### Supplied information:
....
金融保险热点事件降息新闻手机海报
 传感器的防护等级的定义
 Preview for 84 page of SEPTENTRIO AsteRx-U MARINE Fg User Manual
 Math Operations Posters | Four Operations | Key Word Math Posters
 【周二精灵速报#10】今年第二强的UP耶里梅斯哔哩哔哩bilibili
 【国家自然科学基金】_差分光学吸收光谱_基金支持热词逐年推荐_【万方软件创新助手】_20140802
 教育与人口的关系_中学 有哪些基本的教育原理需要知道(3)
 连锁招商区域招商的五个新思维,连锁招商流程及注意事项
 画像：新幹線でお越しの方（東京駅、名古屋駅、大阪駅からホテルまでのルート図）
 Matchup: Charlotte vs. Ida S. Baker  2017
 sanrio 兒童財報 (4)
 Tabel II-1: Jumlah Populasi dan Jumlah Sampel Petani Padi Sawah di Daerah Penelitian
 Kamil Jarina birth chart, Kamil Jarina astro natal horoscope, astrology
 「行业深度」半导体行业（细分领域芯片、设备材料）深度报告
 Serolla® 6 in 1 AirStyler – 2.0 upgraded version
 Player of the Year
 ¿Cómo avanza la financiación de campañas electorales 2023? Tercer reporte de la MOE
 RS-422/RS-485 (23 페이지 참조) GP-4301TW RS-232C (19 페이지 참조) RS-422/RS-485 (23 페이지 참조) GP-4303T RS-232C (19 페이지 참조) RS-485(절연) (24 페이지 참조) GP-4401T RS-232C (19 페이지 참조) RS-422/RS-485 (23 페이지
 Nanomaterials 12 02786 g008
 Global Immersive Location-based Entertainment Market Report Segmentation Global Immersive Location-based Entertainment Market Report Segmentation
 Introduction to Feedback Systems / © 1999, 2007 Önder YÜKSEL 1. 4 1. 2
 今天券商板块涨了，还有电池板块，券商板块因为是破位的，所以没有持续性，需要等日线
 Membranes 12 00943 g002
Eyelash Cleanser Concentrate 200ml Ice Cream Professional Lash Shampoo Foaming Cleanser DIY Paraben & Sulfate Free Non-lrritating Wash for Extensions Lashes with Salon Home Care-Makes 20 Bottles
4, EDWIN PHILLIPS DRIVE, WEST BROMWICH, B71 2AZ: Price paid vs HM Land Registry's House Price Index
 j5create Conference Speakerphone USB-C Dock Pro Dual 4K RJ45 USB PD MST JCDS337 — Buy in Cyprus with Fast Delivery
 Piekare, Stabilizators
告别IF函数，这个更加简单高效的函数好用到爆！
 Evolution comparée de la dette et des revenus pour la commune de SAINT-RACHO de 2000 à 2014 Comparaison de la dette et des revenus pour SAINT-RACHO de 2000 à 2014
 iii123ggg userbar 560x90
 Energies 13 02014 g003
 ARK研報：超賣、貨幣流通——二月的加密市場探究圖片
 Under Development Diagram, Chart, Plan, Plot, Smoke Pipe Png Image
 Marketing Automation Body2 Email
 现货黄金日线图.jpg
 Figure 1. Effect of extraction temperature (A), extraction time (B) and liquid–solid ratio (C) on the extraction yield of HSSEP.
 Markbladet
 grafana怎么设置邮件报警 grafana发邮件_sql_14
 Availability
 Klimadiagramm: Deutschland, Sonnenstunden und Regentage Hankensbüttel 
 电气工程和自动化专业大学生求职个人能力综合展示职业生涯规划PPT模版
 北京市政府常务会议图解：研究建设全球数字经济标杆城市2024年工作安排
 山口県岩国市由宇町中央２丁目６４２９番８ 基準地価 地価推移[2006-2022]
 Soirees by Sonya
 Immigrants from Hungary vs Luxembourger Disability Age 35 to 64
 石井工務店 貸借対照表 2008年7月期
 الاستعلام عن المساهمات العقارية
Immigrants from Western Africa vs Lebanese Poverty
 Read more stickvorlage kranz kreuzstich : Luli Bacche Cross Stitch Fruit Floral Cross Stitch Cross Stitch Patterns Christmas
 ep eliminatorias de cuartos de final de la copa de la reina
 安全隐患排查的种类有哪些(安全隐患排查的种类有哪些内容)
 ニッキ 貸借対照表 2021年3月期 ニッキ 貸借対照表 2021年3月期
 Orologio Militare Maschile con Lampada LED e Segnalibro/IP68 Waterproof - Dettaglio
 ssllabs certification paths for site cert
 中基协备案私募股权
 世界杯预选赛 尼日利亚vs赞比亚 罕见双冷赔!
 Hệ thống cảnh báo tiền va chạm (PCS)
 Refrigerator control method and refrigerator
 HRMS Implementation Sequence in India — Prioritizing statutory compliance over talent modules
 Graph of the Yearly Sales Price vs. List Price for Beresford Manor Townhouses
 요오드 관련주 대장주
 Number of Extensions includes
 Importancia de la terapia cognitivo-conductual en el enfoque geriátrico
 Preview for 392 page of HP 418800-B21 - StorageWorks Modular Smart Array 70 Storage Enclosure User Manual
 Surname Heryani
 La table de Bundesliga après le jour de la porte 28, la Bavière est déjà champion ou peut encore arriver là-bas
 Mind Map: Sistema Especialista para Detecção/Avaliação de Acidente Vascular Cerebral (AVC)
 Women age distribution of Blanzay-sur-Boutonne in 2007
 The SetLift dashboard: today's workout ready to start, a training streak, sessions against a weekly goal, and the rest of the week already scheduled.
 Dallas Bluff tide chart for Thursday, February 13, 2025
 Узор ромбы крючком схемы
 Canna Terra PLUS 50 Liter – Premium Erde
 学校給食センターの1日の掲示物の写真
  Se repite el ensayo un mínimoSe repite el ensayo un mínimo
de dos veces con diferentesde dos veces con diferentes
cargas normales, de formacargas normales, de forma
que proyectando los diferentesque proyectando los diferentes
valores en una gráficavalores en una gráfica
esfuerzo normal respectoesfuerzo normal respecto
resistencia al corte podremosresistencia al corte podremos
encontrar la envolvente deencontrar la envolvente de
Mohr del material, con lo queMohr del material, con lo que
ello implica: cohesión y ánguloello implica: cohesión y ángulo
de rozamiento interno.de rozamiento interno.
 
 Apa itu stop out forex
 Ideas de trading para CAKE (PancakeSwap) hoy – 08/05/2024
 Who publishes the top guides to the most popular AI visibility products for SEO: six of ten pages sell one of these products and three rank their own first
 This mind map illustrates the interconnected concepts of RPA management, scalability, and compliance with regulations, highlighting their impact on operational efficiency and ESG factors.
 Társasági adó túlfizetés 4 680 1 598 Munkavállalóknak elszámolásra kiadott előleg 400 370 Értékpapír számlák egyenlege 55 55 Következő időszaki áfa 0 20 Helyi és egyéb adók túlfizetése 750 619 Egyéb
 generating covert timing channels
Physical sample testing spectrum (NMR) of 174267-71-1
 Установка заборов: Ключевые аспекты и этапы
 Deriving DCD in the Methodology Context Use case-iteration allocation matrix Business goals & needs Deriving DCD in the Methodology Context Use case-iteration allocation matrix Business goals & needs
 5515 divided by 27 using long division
....
### What is needed:
All the lines above should come back exactly as written.

### Task answer:
金融保险热点事件降息新闻手机海报
 传感器的防护等级的定义
 Preview for 84 page of SEPTENTRIO AsteRx-U MARINE Fg User Manual
 Math Operations Posters | Four Operations | Key Word Math Posters
 【周二精灵速报#10】今年第二强的UP耶里梅斯哔哩哔哩bilibili
 【国家自然科学基金】_差分光学吸收光谱_基金支持热词逐年推荐_【万方软件创新助手】_20140802
 教育与人口的关系_中学 有哪些基本的教育原理需要知道(3)
 连锁招商区域招商的五个新思维,连锁招商流程及注意事项
 画像：新幹線でお越しの方（東京駅、名古屋駅、大阪駅からホテルまでのルート図）
 Matchup: Charlotte vs. Ida S. Baker  2017
 sanrio 兒童財報 (4)
 Tabel II-1: Jumlah Populasi dan Jumlah Sampel Petani Padi Sawah di Daerah Penelitian
 Kamil Jarina birth chart, Kamil Jarina astro natal horoscope, astrology
 「行业深度」半导体行业（细分领域芯片、设备材料）深度报告
 Serolla® 6 in 1 AirStyler – 2.0 upgraded version
 Player of the Year
 ¿Cómo avanza la financiación de campañas electorales 2023? Tercer reporte de la MOE
 RS-422/RS-485 (23 페이지 참조) GP-4301TW RS-232C (19 페이지 참조) RS-422/RS-485 (23 페이지 참조) GP-4303T RS-232C (19 페이지 참조) RS-485(절연) (24 페이지 참조) GP-4401T RS-232C (19 페이지 참조) RS-422/RS-485 (23 페이지
 Nanomaterials 12 02786 g008
 Global Immersive Location-based Entertainment Market Report Segmentation Global Immersive Location-based Entertainment Market Report Segmentation
 Introduction to Feedback Systems / © 1999, 2007 Önder YÜKSEL 1. 4 1. 2
 今天券商板块涨了，还有电池板块，券商板块因为是破位的，所以没有持续性，需要等日线
 Membranes 12 00943 g002
Eyelash Cleanser Concentrate 200ml Ice Cream Professional Lash Shampoo Foaming Cleanser DIY Paraben & Sulfate Free Non-lrritating Wash for Extensions Lashes with Salon Home Care-Makes 20 Bottles
4, EDWIN PHILLIPS DRIVE, WEST BROMWICH, B71 2AZ: Price paid vs HM Land Registry's House Price Index
 j5create Conference Speakerphone USB-C Dock Pro Dual 4K RJ45 USB PD MST JCDS337 — Buy in Cyprus with Fast Delivery
 Piekare, Stabilizators
告别IF函数，这个更加简单高效的函数好用到爆！
 Evolution comparée de la dette et des revenus pour la commune de SAINT-RACHO de 2000 à 2014 Comparaison de la dette et des revenus pour SAINT-RACHO de 2000 à 2014
 iii123ggg userbar 560x90
 Energies 13 02014 g003
 ARK研報：超賣、貨幣流通——二月的加密市場探究圖片
 Under Development Diagram, Chart, Plan, Plot, Smoke Pipe Png Image
 Marketing Automation Body2 Email
 现货黄金日线图.jpg
 Figure 1. Effect of extraction temperature (A), extraction time (B) and liquid–solid ratio (C) on the extraction yield of HSSEP.
 Markbladet
 grafana怎么设置邮件报警 grafana发邮件_sql_14
 Availability
 Klimadiagramm: Deutschland, Sonnenstunden und Regentage Hankensbüttel 
 电气工程和自动化专业大学生求职个人能力综合展示职业生涯规划PPT模版
 北京市政府常务会议图解：研究建设全球数字经济标杆城市2024年工作安排
 山口県岩国市由宇町中央２丁目６４２９番８ 基準地価 地価推移[2006-2022]
 Soirees by Sonya
 Immigrants from Hungary vs Luxembourger Disability Age 35 to 64
 石井工務店 貸借対照表 2008年7月期
 الاستعلام عن المساهمات العقارية
Immigrants from Western Africa vs Lebanese Poverty
 Read more stickvorlage kranz kreuzstich : Luli Bacche Cross Stitch Fruit Floral Cross Stitch Cross Stitch Patterns Christmas
 ep eliminatorias de cuartos de final de la copa de la reina
 安全隐患排查的种类有哪些(安全隐患排查的种类有哪些内容)
 ニッキ 貸借対照表 2021年3月期 ニッキ 貸借対照表 2021年3月期
 Orologio Militare Maschile con Lampada LED e Segnalibro/IP68 Waterproof - Dettaglio
 ssllabs certification paths for site cert
 中基协备案私募股权
 世界杯预选赛 尼日利亚vs赞比亚 罕见双冷赔!
 Hệ thống cảnh báo tiền va chạm (PCS)
 Refrigerator control method and refrigerator
 HRMS Implementation Sequence in India — Prioritizing statutory compliance over talent modules
 Graph of the Yearly Sales Price vs. List Price for Beresford Manor Townhouses
 요오드 관련주 대장주
 Number of Extensions includes
 Importancia de la terapia cognitivo-conductual en el enfoque geriátrico
 Preview for 392 page of HP 418800-B21 - StorageWorks Modular Smart Array 70 Storage Enclosure User Manual
 Surname Heryani
 La table de Bundesliga après le jour de la porte 28, la Bavière est déjà champion ou peut encore arriver là-bas
 Mind Map: Sistema Especialista para Detecção/Avaliação de Acidente Vascular Cerebral (AVC)
 Women age distribution of Blanzay-sur-Boutonne in 2007
 The SetLift dashboard: today's workout ready to start, a training streak, sessions against a weekly goal, and the rest of the week already scheduled.
 Dallas Bluff tide chart for Thursday, February 13, 2025
 Узор ромбы крючком схемы
 Canna Terra PLUS 50 Liter – Premium Erde
 学校給食センターの1日の掲示物の写真
  Se repite el ensayo un mínimoSe repite el ensayo un mínimo
de dos veces con diferentesde dos veces con diferentes
cargas normales, de formacargas normales, de forma
que proyectando los diferentesque proyectando los diferentes
valores en una gráficavalores en una gráfica
esfuerzo normal respectoesfuerzo normal respecto
resistencia al corte podremosresistencia al corte podremos
encontrar la envolvente deencontrar la envolvente de
Mohr del material, con lo queMohr del material, con lo que
ello implica: cohesión y ánguloello implica: cohesión y ángulo
de rozamiento interno.de rozamiento interno.
 
 Apa itu stop out forex
 Ideas de trading para CAKE (PancakeSwap) hoy – 08/05/2024
 Who publishes the top guides to the most popular AI visibility products for SEO: six of ten pages sell one of these products and three rank their own first
 This mind map illustrates the interconnected concepts of RPA management, scalability, and compliance with regulations, highlighting their impact on operational efficiency and ESG factors.
 Társasági adó túlfizetés 4 680 1 598 Munkavállalóknak elszámolásra kiadott előleg 400 370 Értékpapír számlák egyenlege 55 55 Következő időszaki áfa 0 20 Helyi és egyéb adók túlfizetése 750 619 Egyéb
 generating covert timing channels
Physical sample testing spectrum (NMR) of 174267-71-1
 Установка заборов: Ключевые аспекты и этапы
 Deriving DCD in the Methodology Context Use case-iteration allocation matrix Business goals & needs Deriving DCD in the Methodology Context Use case-iteration allocation matrix Business goals & needs
 5515 divided by 27 using long division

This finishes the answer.